James Tobin wrote:
>My first acquaintance with Sandor's playing was his recording of Bach's
>Overture in the French Manner on an early Columbia LP. One of my favorite
>performances of anything, though a piano teacher of mine once dismissed
>it as "romantic." An odd thing to say about a student of Bartok, I think.
>In any case, Sandor made the music flow in a way I have never heard
>anyone else come near.
Am I correct is assuming that you think a student of Bartok should
not be romantic...and by implication, that Bartok was not a romantic?
For me, making an equation between Bartok and romanticism is a natural
association. I think of the early works of Bartok, works like the Scherzo
for piano and orchestra which sounds like Liszt, and Bluebeard's Castle
which reminds me of Janacek.
I am reminded of the folksong recordings Bartok made and how he captured
the spirit of the music in romantic terms. There is a bite to the folk
music, and hence there is a bite to his assimilation of the style. But
for me, that does not make it any less romantic.

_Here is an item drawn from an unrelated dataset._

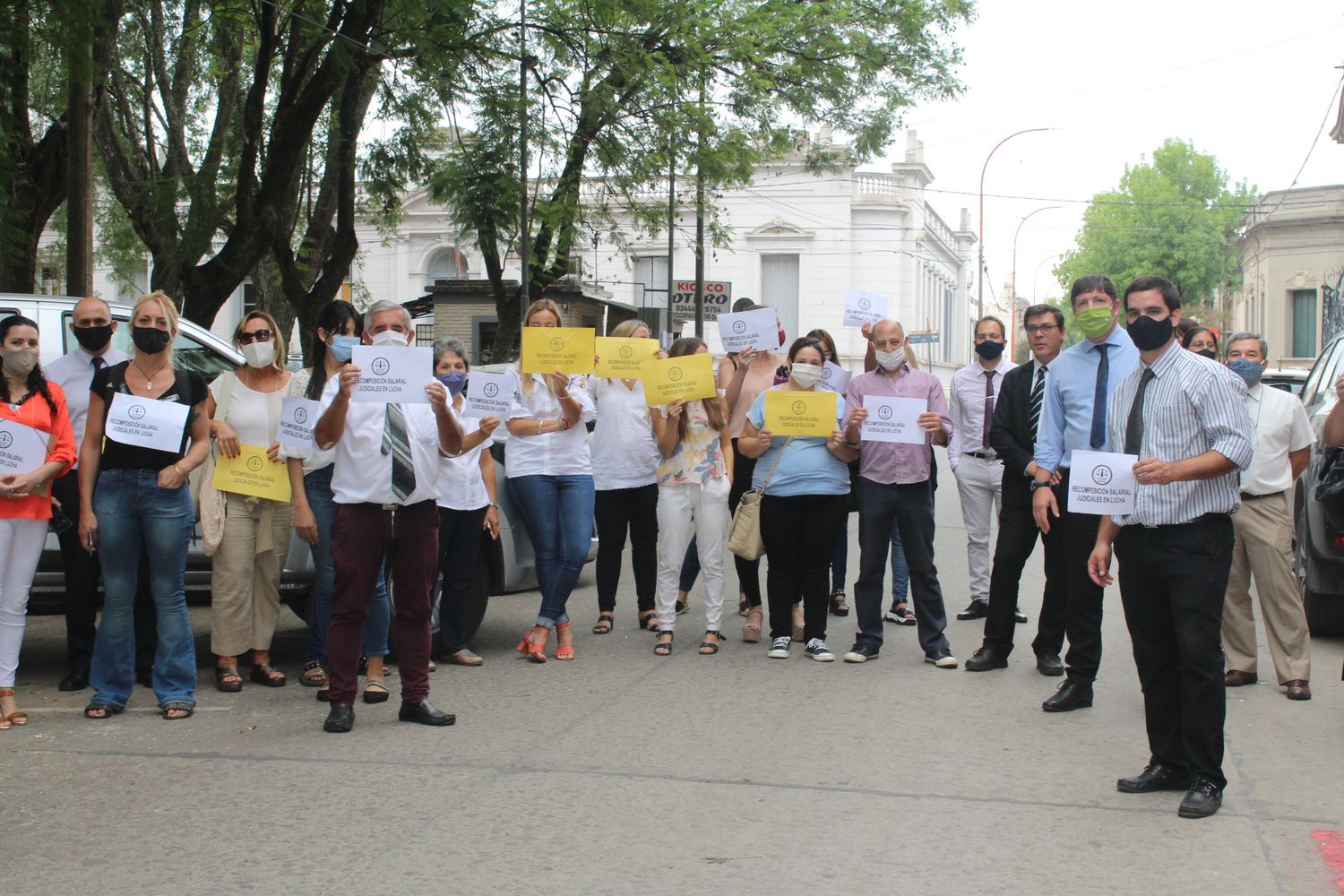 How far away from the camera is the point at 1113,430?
563 cm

I must admit I have never been a fan of Sandor's Bartok. Perhaps odd
to say since he was so associated with the music. My first encounter
with the Bartok Piano Concertos was Sandor's old recordings on Vox. The
middle movement of the Second Concerto was, for me, the best of the set.
It was several years before I found a recording of the First Concerto
that gave me an appreciation for that work. I am also reminded of the
lovely Lipatti performance of the Third, and a vigorous reading when
Copland conducted it with the Boston Symphony, with Foster at the piano,
a broadcast tape I listen to from time to time.
Sandor's second set of Bartok recordings left me very disappointed.
Sandor's Bartok just didn't do it for me.